Lunar dust could be more than a housekeeping issue for astronauts who visit the moon. Their good health may depend on the amount of exposure they have to the tiny particles.
To prepare for a return to the moon, researchers with the National Space Biomedical Research Institute (NSBRI) are evaluating how dust deposits in the lungs in reduced gravity in order to assess the health risk of long-term exposure to the particles. The findings will influence the design of lunar bases and could also provide benefits for healthcare on Earth, such as improved delivery of aerosol medications to the lungs.
NSBRI Human Factors and Performance Team researcher Dr. Kim Prisk said there are major questions that need to be answered. “In the big picture, the questions are: How much goes into the lung?
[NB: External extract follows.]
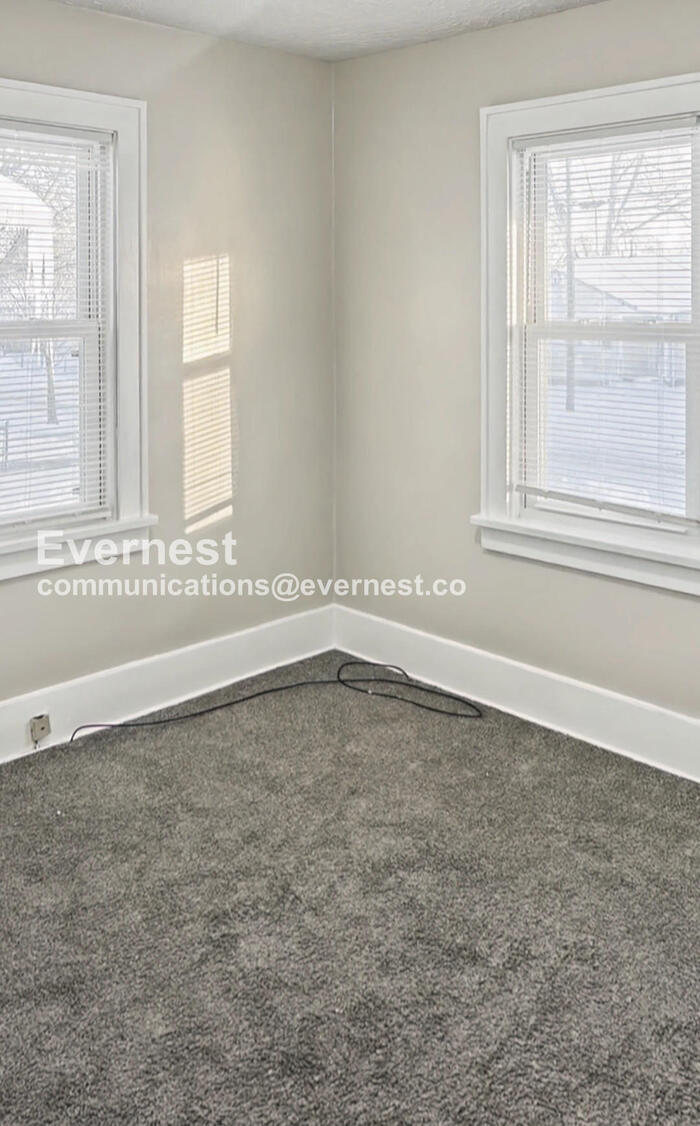 Building Photo - 1093 Georgia Ave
Where does it go? How long does it stay? And how nasty is the stuff?” said Prisk, who is an adjunct professor in the Department of Medicine at the University of California, San Diego.
During the Apollo lunar missions in the late 1960s and 1970s, the clingy particles were easily transported via spacesuits into the lunar lander following moonwalks. The amount of dust inside the vehicle was so great some astronauts reported they could smell it.
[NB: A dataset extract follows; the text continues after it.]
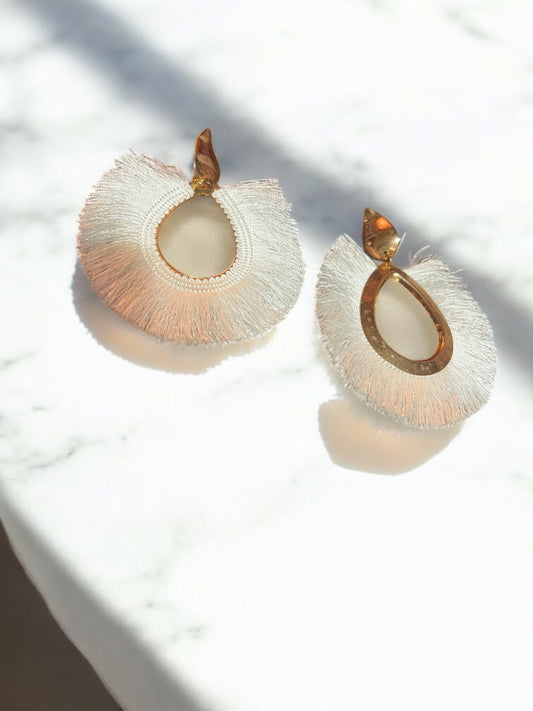 Aretes grandes color blanco con dorado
Even though there were no known illnesses due to exposure, lunar dust is a concern because it has properties comparable to that of fresh-fractured quartz, a highly toxic substance. However, the Apollo flights lasted only a few days. During the proposed return to the moon, astronauts will be exposed to lunar dust for longer periods of time, including missions that could last months.
Due to the moon’s reduced gravity and the size of its dust particles, the respiratory system’s process to remove unwanted matter may not work as efficiently as it does on Earth. “In the moon’s fractional gravity, particles remain suspended in the airways rather than settling out, increasing the chances of distribution deep in the lung, with the possible consequence that the particles will remain there for a long period of time,” Prisk said.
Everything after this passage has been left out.